### Input data
------------

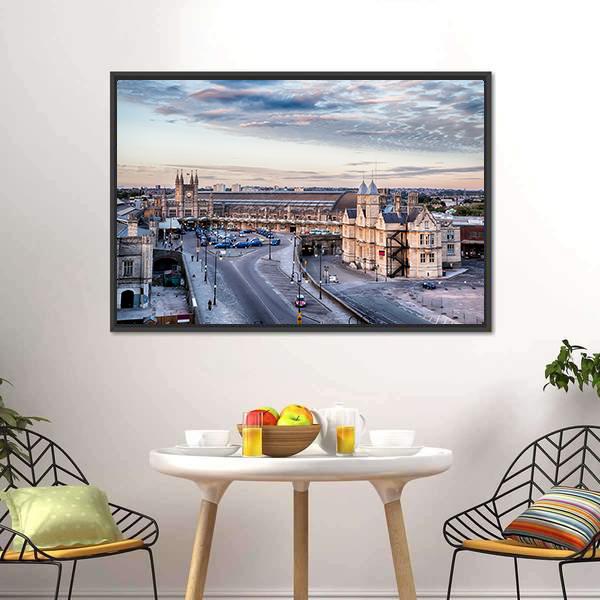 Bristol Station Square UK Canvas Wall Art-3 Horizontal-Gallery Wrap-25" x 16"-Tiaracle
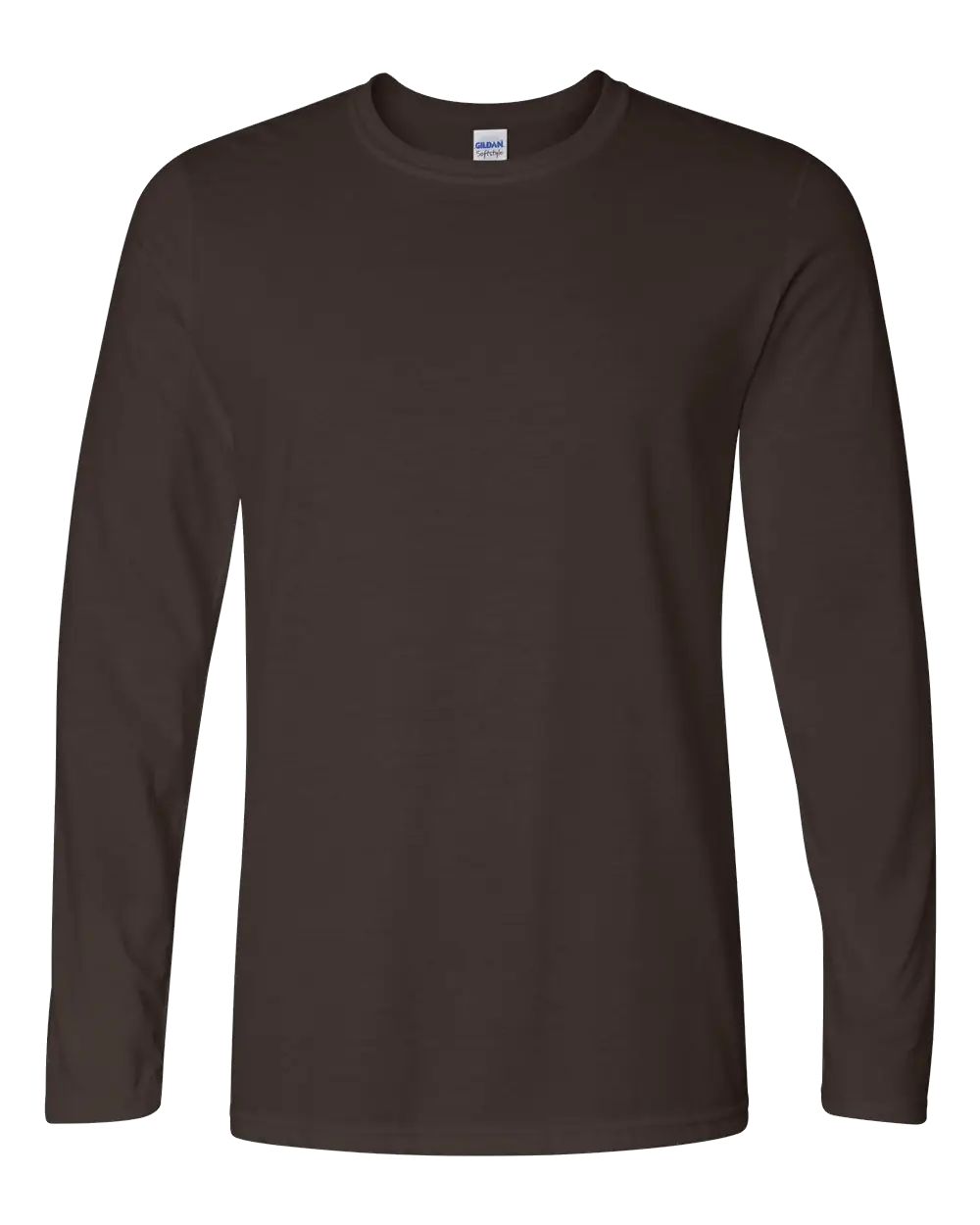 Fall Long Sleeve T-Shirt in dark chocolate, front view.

------------

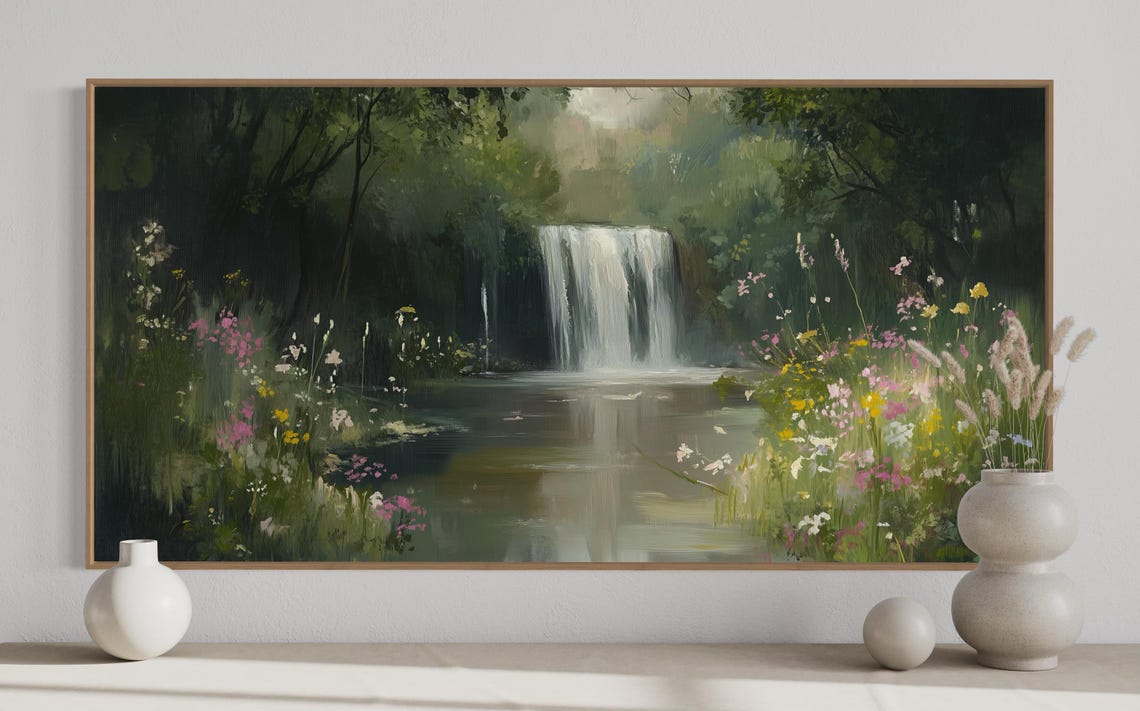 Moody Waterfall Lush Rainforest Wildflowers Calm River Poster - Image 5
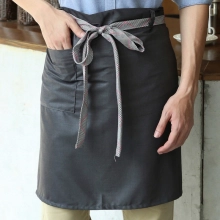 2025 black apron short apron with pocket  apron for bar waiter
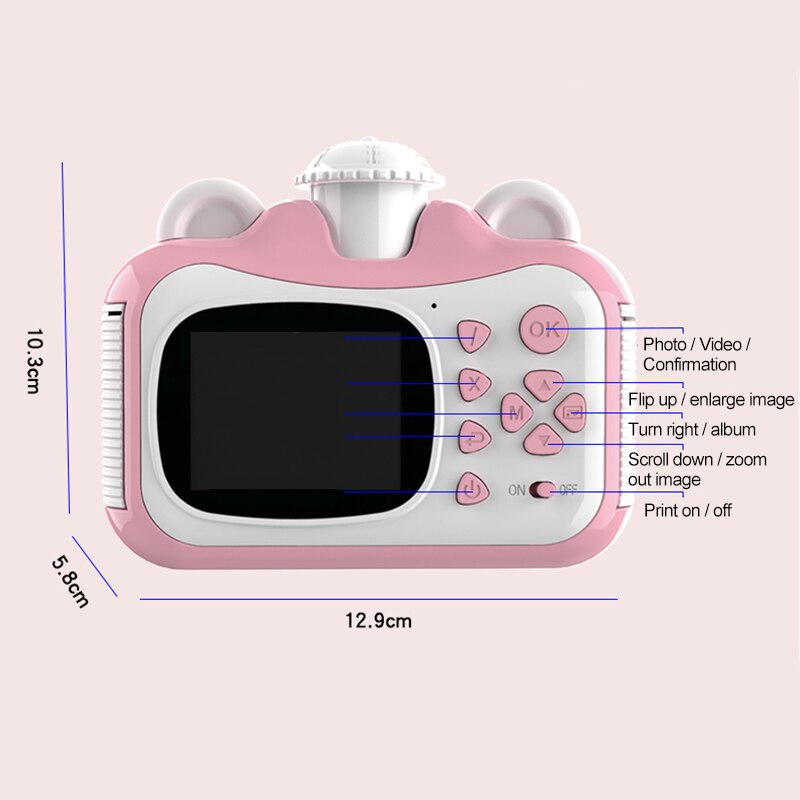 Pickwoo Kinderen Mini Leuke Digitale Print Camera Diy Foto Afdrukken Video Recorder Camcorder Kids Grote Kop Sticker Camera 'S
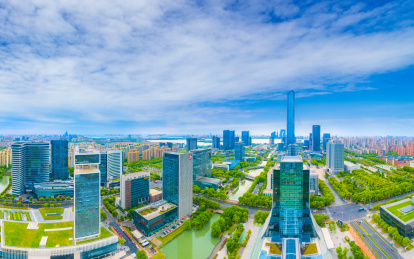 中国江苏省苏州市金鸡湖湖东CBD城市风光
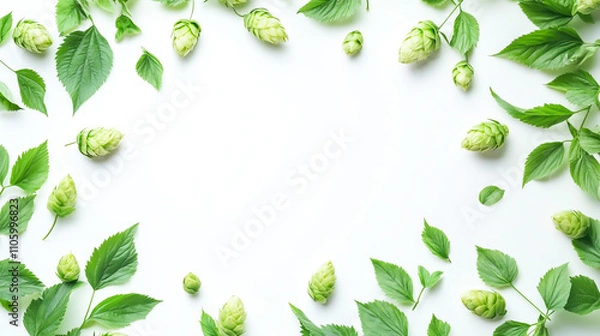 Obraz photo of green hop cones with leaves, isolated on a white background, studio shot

------------

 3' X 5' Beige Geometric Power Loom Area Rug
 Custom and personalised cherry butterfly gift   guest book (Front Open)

------------

What you return must match the lines above from the one with "Bristol Station Square" through the one with "Fall Long Sleeve" exactly, with both ends included and the pictures excluded.

 Bristol Station Square UK Canvas Wall Art-3 Horizontal-Gallery Wrap-25" x 16"-Tiaracle
 Fall Long Sleeve T-Shirt in dark chocolate, front view.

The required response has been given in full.